**Required work:** In the entries below, find the line with "Vakantiehuis Burgen Aan De Moezel" and the line with "TEKNOFEST İstanbul'da yerini"; give again those lines and every line between them, exactly.
┌─ Given data
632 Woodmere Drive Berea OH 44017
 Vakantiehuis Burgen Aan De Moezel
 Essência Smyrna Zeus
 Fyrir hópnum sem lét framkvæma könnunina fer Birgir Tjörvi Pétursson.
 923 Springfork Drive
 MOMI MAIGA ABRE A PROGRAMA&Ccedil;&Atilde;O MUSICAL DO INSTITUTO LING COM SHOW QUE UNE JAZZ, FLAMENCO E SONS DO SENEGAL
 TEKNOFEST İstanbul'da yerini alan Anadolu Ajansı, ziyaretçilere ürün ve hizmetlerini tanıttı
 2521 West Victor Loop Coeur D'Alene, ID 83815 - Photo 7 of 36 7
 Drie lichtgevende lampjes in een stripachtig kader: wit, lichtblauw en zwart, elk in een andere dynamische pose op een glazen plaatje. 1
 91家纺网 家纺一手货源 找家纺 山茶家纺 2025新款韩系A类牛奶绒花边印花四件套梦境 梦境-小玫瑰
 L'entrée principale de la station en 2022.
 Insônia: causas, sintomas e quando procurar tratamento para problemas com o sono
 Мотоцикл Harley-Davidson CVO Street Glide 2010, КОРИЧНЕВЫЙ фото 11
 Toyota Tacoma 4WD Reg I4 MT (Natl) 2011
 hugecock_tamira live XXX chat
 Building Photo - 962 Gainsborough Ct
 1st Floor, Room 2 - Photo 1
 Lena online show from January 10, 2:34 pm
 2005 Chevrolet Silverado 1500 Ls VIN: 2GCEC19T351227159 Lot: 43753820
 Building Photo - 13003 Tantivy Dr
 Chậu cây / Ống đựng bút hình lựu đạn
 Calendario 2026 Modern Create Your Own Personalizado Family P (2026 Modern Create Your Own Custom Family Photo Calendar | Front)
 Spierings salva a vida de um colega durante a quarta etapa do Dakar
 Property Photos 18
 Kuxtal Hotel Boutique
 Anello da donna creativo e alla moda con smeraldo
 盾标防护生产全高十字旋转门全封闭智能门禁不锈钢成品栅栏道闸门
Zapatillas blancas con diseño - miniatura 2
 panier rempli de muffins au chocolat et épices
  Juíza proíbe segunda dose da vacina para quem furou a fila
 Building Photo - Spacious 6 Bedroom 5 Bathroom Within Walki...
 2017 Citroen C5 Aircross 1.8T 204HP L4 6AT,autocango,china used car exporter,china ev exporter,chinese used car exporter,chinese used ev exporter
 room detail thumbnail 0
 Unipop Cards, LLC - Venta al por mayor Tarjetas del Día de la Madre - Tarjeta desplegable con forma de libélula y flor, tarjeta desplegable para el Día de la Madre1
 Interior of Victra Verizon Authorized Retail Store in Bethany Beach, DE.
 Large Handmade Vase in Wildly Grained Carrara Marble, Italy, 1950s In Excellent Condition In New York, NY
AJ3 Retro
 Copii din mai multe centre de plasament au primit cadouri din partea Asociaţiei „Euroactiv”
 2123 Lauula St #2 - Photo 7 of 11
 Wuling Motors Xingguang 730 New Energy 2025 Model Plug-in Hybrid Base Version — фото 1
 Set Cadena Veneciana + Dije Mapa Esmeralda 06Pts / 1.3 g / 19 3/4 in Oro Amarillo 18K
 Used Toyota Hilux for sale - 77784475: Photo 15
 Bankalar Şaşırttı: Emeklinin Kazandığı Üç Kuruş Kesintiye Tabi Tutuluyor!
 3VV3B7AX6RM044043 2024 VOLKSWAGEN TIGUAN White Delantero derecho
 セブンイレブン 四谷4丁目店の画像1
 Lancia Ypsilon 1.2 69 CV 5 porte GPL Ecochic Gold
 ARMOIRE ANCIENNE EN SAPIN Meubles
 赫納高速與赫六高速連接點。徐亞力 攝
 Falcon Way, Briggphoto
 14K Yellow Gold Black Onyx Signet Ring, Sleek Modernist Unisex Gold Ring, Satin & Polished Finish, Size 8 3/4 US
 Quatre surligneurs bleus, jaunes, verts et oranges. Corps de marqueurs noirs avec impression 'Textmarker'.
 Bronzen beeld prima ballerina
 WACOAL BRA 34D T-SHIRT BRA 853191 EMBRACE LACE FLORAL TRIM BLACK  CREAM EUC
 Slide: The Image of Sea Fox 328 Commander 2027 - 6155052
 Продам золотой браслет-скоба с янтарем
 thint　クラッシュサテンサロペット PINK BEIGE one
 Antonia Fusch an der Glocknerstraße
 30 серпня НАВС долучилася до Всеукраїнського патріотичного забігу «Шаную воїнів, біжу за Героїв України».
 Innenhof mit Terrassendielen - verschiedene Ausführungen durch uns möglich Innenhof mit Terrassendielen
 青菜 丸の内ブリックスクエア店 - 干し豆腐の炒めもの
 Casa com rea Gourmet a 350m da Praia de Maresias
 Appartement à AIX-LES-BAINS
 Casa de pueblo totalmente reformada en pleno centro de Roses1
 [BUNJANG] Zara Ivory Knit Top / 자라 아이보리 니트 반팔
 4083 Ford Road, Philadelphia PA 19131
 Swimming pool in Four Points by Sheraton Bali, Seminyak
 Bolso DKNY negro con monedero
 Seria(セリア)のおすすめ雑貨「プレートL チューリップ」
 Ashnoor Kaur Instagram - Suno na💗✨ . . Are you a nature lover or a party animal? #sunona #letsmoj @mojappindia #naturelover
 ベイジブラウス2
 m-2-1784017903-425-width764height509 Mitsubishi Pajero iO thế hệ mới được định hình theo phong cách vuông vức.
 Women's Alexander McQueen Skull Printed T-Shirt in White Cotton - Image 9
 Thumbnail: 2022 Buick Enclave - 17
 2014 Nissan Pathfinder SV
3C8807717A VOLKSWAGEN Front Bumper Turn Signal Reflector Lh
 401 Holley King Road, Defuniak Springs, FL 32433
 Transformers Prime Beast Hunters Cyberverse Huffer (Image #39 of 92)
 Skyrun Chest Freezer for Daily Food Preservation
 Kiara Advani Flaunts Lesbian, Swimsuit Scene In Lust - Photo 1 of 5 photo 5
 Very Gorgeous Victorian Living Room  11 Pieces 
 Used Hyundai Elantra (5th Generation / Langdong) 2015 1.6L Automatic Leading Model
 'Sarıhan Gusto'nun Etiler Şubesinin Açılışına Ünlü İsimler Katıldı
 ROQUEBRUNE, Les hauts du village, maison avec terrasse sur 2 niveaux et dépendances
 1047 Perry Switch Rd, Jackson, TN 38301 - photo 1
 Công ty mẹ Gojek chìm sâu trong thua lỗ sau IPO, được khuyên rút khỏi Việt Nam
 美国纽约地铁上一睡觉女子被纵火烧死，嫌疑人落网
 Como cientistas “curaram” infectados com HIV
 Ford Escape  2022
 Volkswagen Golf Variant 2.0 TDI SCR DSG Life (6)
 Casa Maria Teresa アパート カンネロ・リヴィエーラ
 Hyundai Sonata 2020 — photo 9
└─
**Final answer:**
 Vakantiehuis Burgen Aan De Moezel
 Essência Smyrna Zeus
 Fyrir hópnum sem lét framkvæma könnunina fer Birgir Tjörvi Pétursson.
 923 Springfork Drive
 MOMI MAIGA ABRE A PROGRAMA&Ccedil;&Atilde;O MUSICAL DO INSTITUTO LING COM SHOW QUE UNE JAZZ, FLAMENCO E SONS DO SENEGAL
 TEKNOFEST İstanbul'da yerini alan Anadolu Ajansı, ziyaretçilere ürün ve hizmetlerini tanıttı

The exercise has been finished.